We have not yet received an official indication of the average price across all nine auctions, but details have emerged from several participants suggesting that the blocks all sold at above-market prices. Selkis and others predicted as much, writing:

To the extent the winning bid somehow closes at a premium to current exchange rates, it seems certain that the bidder would want to divulge that information, given the positive impact such news would have on retail investors.

SecondMarket and Bitcoin Investment Trust (BIT) founder Barry Silbert tweeted earlier today that his syndicate, which saw SecondMarket and BIT place bids on behalf of small and foreign investors, was outbid in all auctions, while his brother Allan Silbert, who is a VP at GE Capital, concludes, “So basically at least USD$20MM of bitcoin buying demand went unsatisfied in the auction and will look elsewhere to buy bitcoins i.e. market.” Overall, the auctions seem to send a strong signal to exchange-based bitcoin investors, registering a total of 63 bids among the 45 registered investors.

Bitcoin remains a nascent and largely volatile digital currency, but events like today’s serve to validate its existence. Not only did a US government conduct an auction for these assets valuing them in the millions of dollars, but numerous traditional financial institutions participated in said auctions, ascribing similar value to bitcoins as they would to stocks, precious metals, or other financial assets.
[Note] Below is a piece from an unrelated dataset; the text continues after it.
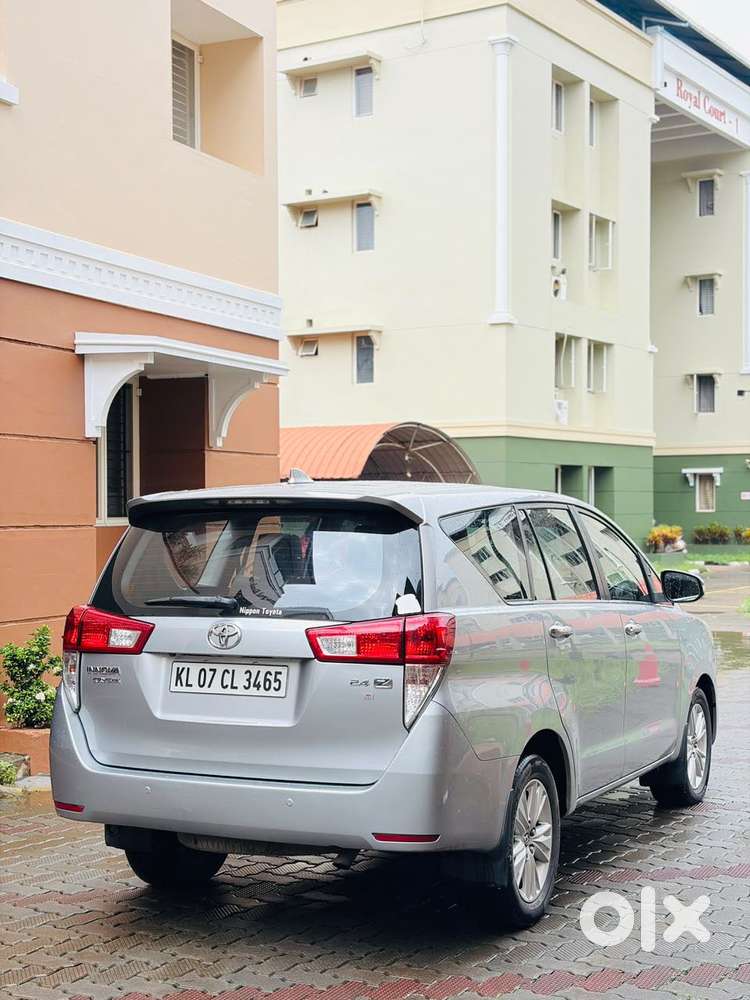 Toyota Innova Crysta 2.8 Z, 2017, Diesel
The broader bitcoin market will benefit from continued transparency around these auctions, something we can hope to receive in the coming days. There is another shoe yet to drop when the USMs potentially auctions another 144,000 bitcoins seized from accused Silk Road founder Ross “Dread Pirate Roberts” Ulbreicht – pending court approval. Today’s events show that such an auction can be conducted in an orderly fashion without a disproportionate positive or negative effect on the broader bitcoin market.

Bitcoin is far from a mature market (or commodity or currency, depending on your perspective), but it’s hardly the shadowy internet asset that it was just a few years ago. I saw nothing today to suggest that that maturation won’t continue well into the future.

[Updated, 7/1/14 9:15am: An earlier version of this post inaccurately quoted Alan Silbert as stating that the average bid price for the SecondMarket and BIT syndicate was $665. Silbert contacted Pando to indicate that his statements of unfulfilled demand were misinterpreted by BitcoinBreak.]